Nothing comes easy. Associateships with no future is no different than working for the Corps. Heck .... the benefits may be better at the Corps. Also ... at the Corps ...you are not treated as a 2nd class citizen by the owner doc's staff and/or patients.
Most associateships fail because there is no future in it. In a perfect world (maybe I'm dreaming) but I would locate a senior dentist looking for the right person to turn his/her practice over to when he/she retires. You need a dental and business mentor willing to show you the ropes. An older practice may not generate sufficient revenue for both you and the senior doc. You may need to augment with Corp PT.
You can be successful, and it usually starts with reasonable educational debt and then picking the right community that isn't fully saturated.
Because most dentists want the same thing as dental owners. Once you realize this, you don't want to be an associate especially after putting in the same amount of work. Dentists are also greedy and try to take advantage of associates because the associate really isn't bringing anything to the table.
Most owners want to work less and take more time off...until they start losing income. Then, they start getting greedy and picking the associate's schedule for the good stuff.

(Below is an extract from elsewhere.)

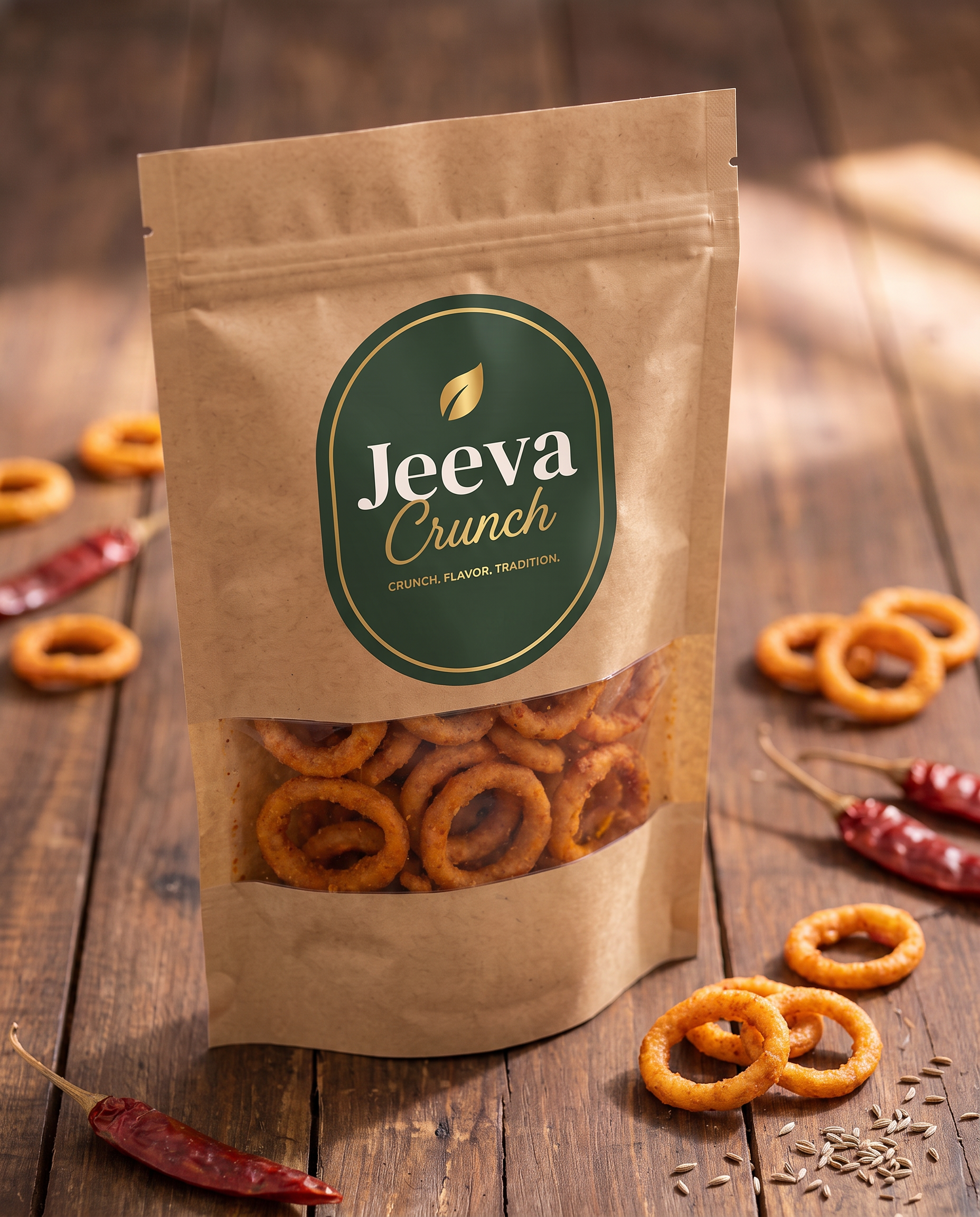 Jeeva Crunch Chegodilu kraft pouch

They have a hard time having an associate because they want to have their cake and eat it too. Most good associates will stay in a good associateship for very long time. I've been at mine (2 docs, 1 owner) for 5 years and I've seen 2 other associates buy a practice out of the other associate spot. Most of the time good associateships don't come up because they tend to be decent, long-term gigs. It's the crappy, short term, not enough patients, underpaid, overworked rotating doors that always come up on Craigslist because no one ever stays long enough for them to take down the ad.
Having been in the associate position before, and now as a practice owner (who has never seriously entertained the idea of an associate), I will take a stab at it.
After 4 years as a military dentist including a GPR, I had my skills and speed, and my first civilian job was at a corporate office. I was paid well, but the amount of work was very taxing. 4 chairs, 4 full columns, all day long. Quality suffered, as did my back and neck. After 18 months I took a job as an associate at a private practice.
My experience was good, and that is mainly because I got a job at an office that was long established, very busy, and the owner was at a point that he rarely worked (he had some health issues). I was full time at his office, and essentially got to run it as my own. At this point I was 5.5 years out of school, so it was a good fit, someone right out of school would not have been able to keep up, as I was producing about $100k per month, independent of hygiene production.
It was a good associateship, and lasted 3 years.
I was happy with my income (I was paid based on adjusted/true production) and the owner was happy that I was a quality, productive dentist that put money in his pocket and he had minimal headaches.
Essentially, it is about the quality and quantity of dental work being done by the associate for the practice, and the compensation for the associate.
In order for it to work, BOTH the associate and the owner need to benefit.
I know other dentists that were early in their careers who had LESS than satisfactory associateships.
It always boiled down to the money; both in terms of production, and in terms of payment/compensation.
The problem can come from either party: Either a greedy owner who tries to squeeze every dollar out of an overworked associate, OR, just as often, an inexperienced dentist, lacking in clinical speed and advanced skills, who EXPECTS to be making close to $200k a year within the first year or two out of school, without having developed the patient management and clinical skills to justify such a large salary.
Now that my peer group is mostly practice owners, I hear the owners side more often. I have even had friends show me example of borderline/poor quality endo and fixed pros work done by associates, who demand large salaries, and get offended when their work has to be redone by someone (usually the owner) with more skill.
Really there are no easy answers here.